SEOUL — Barbed-wire steel gates on the heavily fortified border between North and South Korea swung open for the first time in two years Sunday, allowing in an advance team of officials from the North, led by one of its most celebrated singers, to help plan for next month’s Winter Olympics.
The visit by the seven-member North Korean delegation has been heralded as a thawing of tensions after a series of missile and nuclear tests by the North.
The group will spend two days in South Korea to help prepare for cultural performances by North Korean singers, dancers, and pop orchestra musicians during the Winter Olympics, which will be held in the South Korean mountain town of Pyeongchang.
In South Korean media, it was the North Korean singer, Hyon Song Wol, who stole the show. Nicknamed the “girl on a steed’’ by South Koreans, Hyon was greeted with a media frenzy that South Korea usually reserves for one of its own K-pop stars.
South Korean television crews tagged along, feeding live broadcasts, as a bus carrying Hyon’s delegation and a police escort sped down the inter-Korean highway linking the two nations, which was temporarily reopened for their visit.

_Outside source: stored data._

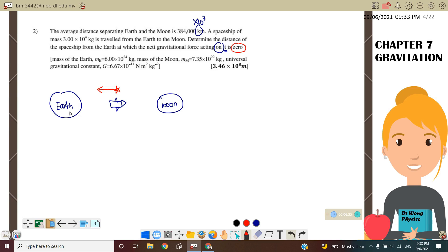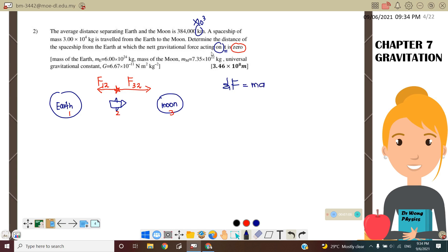So we label: Earth is 1, spaceship is 2, Moon is 3. The spaceship attracts toward the Earth — labeled F₁₂ — and also attracts toward the Moon — labeled F₃₂. We want F_net = 0, so F_net = ma. Because net gravitational force is zero, acceleration a = 0, meaning net force on the spaceship equals zero.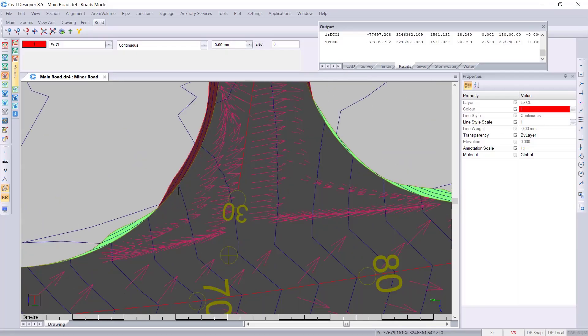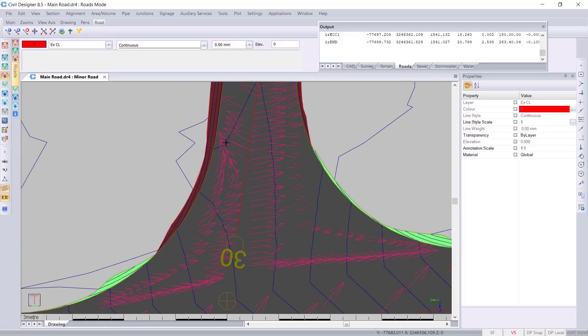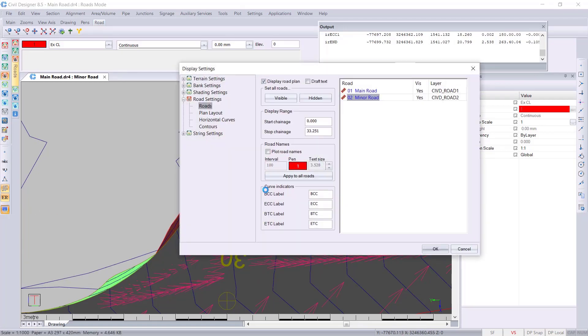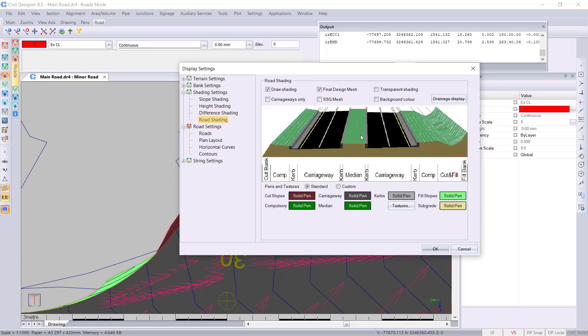It immediately puts the contours in for you as well as the slope arrows, as I have set this up in my shading settings.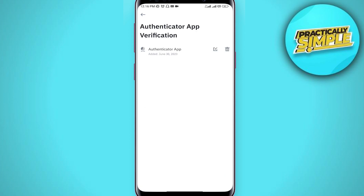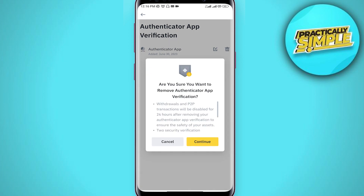As you can see, my authenticator verification is on, and you can simply see this Delete button. If you just tap on this Delete button, a notification pops up saying withdrawals, P2P selling, and payment services will be disabled.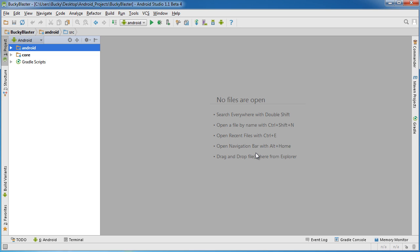Alright guys, before I start writing any code, I want to take a step back and explain exactly how this game project is set up because it's going to save you a lot of confusion and headaches in the future.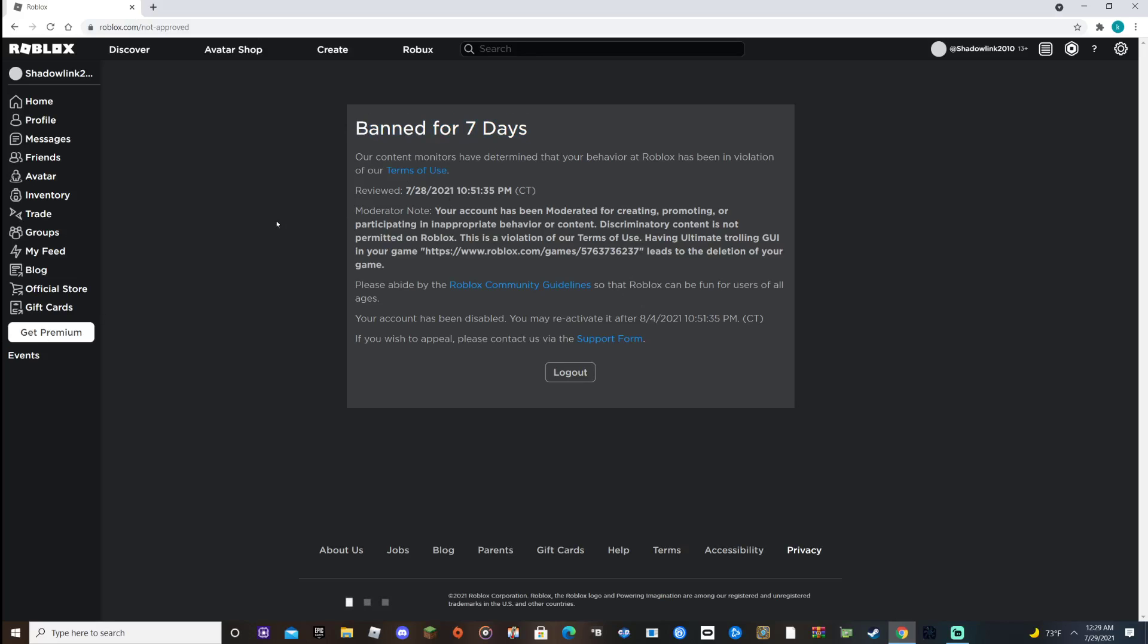Our content monitors have determined that your behavior on Roblox has been a violation of terms of use.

They arrived at the main railway station in Seoul, the South Korean capital, where they faced throngs of photojournalists.
Passers-by and gawkers with smartphones also struggled to get a shot of Hyon, who rose to pre-eminence on the propaganda-heavy North Korean pop music scene with her number one hit “A Girl in the Saddle of a Steed,’’ a song about a tireless, overachieving female factory worker.
Coverage of Hyon has not always been so fawning. Several years ago, South Korean media were rife with speculation that she had been machine-gunned to death at the orders of the North Korean leader, Kim Jong Un, who was rumored to be her former lover.
Hyon looked stiffly at the crowd but later flashed thin smiles as South Korean officials whisked her onto a train to Gangneung.